Caminharam encostados ao muro de pedra, depois entraram por uma porta onde
principiava um corredor, em cujo fundo deslizava uma água fria. Rossignoli, à frente, de arma
na mão, ia com os sentidos alertas, atento ao menor movimento. Pensou se não deveria ter
deixado Pierina junto ao cavalo, mas a urgência da situação e o medo do que a jovem poderia
sofrer causavam-lhe estremecimentos terríveis. Depois de duas curvas corredor adentro, ouviu
vozes, ao mesmo tempo em que viu um clarão de fogo que rodopiava no alto da parede. Fez
sinal para que a moça parasse, mas ela pisou em falso, soltando um “ai”. Imediatamente, as
vozes cessaram, três sombras ficaram de pé e uma delas correu ao encontro deles. Tudo
aconteceu muito rápido: um gigantesco homem barbudo, com uma capa grande e cinzenta,
apareceu diante de Rossignoli, que apertou o gatilho.
A arma não disparou!
O recém-chegado trazia uma tocha na mão direita e uma espécie de machado na
esquerda. Desferiu um golpe que arrancou lascas de tijolo a poucos centímetros da cabeça de
Rossignoli. No desvio súbito do perigo iminente, ele desequilibrou-se e caiu de costas; a arma
escapuliu de sua mão, indo cair distante de ambos. Pierina afastara-se correndo, com gritos
angustiados, rumo à saída da passagem. Quando o homem levantou o machado pela segunda
vez, Rossignoli pressentiu seu fim, já que o outro fincava um joelho sobre seu ventre e não
lhe permitia respirar. O gigante jogou a tocha para o lado, mas ela bateu na parede e caiu
sobre a perna de Rossignoli, entornando óleo quente e restos de fogo que se agarravam em sua
calça. Ele, com um movimento instintivo, desferiu um golpe brusco com a perna queimada.

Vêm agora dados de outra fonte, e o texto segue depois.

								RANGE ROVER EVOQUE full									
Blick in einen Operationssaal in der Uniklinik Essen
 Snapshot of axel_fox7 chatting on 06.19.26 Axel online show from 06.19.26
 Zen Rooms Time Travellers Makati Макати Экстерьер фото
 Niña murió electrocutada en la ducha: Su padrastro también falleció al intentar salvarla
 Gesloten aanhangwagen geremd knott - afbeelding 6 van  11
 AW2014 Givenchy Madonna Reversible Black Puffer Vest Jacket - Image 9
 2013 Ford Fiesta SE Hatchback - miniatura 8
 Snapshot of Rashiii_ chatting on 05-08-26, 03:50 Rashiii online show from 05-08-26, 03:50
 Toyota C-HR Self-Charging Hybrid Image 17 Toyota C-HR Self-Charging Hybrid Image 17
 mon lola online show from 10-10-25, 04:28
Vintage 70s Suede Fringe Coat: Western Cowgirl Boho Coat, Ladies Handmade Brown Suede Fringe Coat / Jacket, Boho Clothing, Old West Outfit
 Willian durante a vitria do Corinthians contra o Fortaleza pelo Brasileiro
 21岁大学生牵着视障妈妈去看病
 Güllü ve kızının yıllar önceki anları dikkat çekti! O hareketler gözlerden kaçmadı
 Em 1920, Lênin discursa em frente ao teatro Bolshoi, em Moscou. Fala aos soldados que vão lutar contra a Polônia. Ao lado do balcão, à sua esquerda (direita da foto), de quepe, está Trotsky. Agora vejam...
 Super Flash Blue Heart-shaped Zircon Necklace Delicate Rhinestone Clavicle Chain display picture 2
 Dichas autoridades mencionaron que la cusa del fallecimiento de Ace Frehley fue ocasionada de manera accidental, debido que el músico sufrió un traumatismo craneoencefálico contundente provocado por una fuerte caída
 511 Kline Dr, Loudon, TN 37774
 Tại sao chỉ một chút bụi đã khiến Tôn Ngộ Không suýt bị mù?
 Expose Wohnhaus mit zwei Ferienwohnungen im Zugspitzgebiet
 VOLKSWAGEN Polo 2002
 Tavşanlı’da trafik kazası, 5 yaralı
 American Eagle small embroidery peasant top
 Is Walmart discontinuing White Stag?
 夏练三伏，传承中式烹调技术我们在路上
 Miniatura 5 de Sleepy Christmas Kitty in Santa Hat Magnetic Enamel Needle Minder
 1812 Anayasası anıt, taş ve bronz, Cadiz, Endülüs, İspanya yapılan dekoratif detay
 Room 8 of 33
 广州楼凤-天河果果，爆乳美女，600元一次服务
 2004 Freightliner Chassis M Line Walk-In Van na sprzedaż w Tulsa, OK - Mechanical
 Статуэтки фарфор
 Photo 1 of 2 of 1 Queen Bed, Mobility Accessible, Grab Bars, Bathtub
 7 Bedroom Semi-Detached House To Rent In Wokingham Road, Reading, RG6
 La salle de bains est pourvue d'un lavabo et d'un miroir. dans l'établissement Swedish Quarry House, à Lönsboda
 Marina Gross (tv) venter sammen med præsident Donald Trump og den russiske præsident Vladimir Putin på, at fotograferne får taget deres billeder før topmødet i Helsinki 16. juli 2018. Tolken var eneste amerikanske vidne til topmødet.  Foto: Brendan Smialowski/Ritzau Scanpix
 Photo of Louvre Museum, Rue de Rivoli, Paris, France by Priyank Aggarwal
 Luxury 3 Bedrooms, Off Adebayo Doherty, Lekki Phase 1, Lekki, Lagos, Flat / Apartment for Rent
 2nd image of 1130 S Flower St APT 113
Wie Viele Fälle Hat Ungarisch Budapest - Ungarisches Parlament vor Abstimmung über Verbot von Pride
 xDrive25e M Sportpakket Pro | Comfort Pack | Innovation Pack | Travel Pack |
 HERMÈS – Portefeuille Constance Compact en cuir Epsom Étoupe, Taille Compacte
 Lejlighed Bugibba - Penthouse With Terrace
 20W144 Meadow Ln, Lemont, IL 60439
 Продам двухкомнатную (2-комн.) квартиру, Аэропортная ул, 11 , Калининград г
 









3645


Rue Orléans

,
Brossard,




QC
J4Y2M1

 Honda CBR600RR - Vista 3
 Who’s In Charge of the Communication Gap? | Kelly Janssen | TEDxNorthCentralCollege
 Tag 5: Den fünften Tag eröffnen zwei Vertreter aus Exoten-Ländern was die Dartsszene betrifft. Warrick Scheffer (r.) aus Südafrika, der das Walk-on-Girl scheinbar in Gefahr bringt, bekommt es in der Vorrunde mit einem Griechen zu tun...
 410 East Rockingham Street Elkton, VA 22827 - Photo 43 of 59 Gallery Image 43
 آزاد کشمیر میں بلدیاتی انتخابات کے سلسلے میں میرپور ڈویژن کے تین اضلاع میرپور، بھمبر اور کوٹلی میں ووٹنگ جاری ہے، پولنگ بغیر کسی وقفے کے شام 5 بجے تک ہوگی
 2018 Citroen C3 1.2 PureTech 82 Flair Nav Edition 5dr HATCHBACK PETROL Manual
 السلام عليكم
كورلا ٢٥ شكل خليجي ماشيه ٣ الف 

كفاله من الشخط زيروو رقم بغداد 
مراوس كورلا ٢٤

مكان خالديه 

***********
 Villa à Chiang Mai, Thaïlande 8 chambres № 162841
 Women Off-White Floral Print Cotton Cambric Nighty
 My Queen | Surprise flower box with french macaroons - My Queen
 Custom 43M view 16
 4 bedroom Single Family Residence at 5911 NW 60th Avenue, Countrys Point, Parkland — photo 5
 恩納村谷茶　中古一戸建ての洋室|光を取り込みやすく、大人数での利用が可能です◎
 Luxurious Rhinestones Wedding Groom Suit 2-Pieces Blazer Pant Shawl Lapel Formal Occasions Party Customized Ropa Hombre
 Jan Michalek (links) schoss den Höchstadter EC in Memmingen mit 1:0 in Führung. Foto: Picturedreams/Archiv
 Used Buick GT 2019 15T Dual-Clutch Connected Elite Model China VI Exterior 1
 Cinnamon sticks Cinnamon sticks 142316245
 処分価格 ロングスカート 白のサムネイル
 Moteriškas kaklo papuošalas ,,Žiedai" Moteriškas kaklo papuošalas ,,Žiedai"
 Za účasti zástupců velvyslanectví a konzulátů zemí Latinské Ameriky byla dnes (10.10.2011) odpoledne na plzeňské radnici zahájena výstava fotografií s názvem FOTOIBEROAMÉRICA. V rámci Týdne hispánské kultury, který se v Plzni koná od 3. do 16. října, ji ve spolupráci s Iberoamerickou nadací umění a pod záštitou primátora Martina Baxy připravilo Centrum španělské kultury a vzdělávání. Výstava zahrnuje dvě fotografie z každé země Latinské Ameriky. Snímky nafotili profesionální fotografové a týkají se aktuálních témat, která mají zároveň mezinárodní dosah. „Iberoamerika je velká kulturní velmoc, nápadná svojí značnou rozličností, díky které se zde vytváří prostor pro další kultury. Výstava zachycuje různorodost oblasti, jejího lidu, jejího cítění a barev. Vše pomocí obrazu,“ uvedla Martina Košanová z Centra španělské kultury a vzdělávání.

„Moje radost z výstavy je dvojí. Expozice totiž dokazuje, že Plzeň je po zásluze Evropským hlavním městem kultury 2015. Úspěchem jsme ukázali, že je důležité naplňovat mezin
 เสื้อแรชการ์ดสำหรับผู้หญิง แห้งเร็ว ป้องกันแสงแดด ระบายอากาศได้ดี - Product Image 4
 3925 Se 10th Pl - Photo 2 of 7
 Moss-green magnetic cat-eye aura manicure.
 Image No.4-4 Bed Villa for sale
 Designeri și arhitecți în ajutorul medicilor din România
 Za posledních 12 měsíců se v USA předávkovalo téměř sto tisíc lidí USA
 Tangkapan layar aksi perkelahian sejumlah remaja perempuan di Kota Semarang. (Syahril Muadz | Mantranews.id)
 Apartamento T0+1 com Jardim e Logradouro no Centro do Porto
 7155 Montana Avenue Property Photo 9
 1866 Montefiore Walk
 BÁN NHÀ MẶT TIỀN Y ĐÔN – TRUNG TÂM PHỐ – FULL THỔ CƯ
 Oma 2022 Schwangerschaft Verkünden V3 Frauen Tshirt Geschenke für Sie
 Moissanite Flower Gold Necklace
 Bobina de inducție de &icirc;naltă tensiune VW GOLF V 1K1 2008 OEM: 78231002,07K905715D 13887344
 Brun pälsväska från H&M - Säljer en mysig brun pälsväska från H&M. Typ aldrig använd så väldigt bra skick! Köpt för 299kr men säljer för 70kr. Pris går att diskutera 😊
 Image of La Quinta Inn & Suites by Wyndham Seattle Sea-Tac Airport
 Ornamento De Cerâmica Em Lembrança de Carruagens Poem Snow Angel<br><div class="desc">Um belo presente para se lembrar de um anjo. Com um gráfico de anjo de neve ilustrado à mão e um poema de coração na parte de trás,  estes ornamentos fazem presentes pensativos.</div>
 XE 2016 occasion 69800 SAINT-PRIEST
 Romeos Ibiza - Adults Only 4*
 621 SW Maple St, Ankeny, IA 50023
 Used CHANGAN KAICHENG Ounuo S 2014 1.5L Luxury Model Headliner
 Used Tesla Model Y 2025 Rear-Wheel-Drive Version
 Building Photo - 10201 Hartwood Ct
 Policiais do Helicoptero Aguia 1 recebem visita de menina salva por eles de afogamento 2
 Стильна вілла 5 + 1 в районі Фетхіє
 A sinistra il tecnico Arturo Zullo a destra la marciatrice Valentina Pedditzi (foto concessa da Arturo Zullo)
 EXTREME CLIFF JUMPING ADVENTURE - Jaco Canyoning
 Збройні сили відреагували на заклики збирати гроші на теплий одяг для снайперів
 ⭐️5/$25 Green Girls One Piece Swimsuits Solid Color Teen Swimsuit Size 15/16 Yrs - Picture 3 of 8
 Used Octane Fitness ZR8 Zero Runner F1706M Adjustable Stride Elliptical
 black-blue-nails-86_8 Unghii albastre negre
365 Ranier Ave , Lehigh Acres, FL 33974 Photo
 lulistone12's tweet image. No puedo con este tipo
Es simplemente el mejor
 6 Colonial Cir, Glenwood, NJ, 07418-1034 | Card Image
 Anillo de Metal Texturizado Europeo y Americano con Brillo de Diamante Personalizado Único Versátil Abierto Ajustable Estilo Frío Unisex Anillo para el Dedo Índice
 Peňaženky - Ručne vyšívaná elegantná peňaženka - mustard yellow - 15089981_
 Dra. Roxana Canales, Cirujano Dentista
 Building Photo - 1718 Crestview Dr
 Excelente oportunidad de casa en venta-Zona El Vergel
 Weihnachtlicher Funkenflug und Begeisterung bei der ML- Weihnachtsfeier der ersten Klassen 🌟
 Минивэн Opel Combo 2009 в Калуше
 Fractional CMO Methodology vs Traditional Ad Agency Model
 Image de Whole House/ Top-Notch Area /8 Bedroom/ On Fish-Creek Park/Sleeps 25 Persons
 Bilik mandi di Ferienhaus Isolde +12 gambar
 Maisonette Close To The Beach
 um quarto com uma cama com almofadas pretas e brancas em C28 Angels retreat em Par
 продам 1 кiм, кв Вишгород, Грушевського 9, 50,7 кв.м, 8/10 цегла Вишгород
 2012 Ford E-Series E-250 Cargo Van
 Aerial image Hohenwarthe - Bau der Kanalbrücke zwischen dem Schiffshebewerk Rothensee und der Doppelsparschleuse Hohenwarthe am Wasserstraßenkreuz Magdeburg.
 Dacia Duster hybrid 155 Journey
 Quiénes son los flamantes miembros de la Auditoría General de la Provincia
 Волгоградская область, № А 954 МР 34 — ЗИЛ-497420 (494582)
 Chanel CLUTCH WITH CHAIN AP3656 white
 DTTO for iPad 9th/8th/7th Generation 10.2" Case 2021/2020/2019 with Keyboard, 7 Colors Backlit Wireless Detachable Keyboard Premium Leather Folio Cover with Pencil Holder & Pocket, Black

Sua bota voou para longe e o gato que dormia em seu colo soltou um miado pavoroso,
desaparecendo cozinha adentro.
Rossignoli estava diante de sua lareira!
Uma acha de lenha em brasa rolara sobre sua perna e o acordara, no momento fatal.
Inclinando-se para o lado, ainda sonolento, o homem pegou o papel que continha o primeiro
parágrafo do conto, rasurou o título e escreveu um novo: Monteoliveto.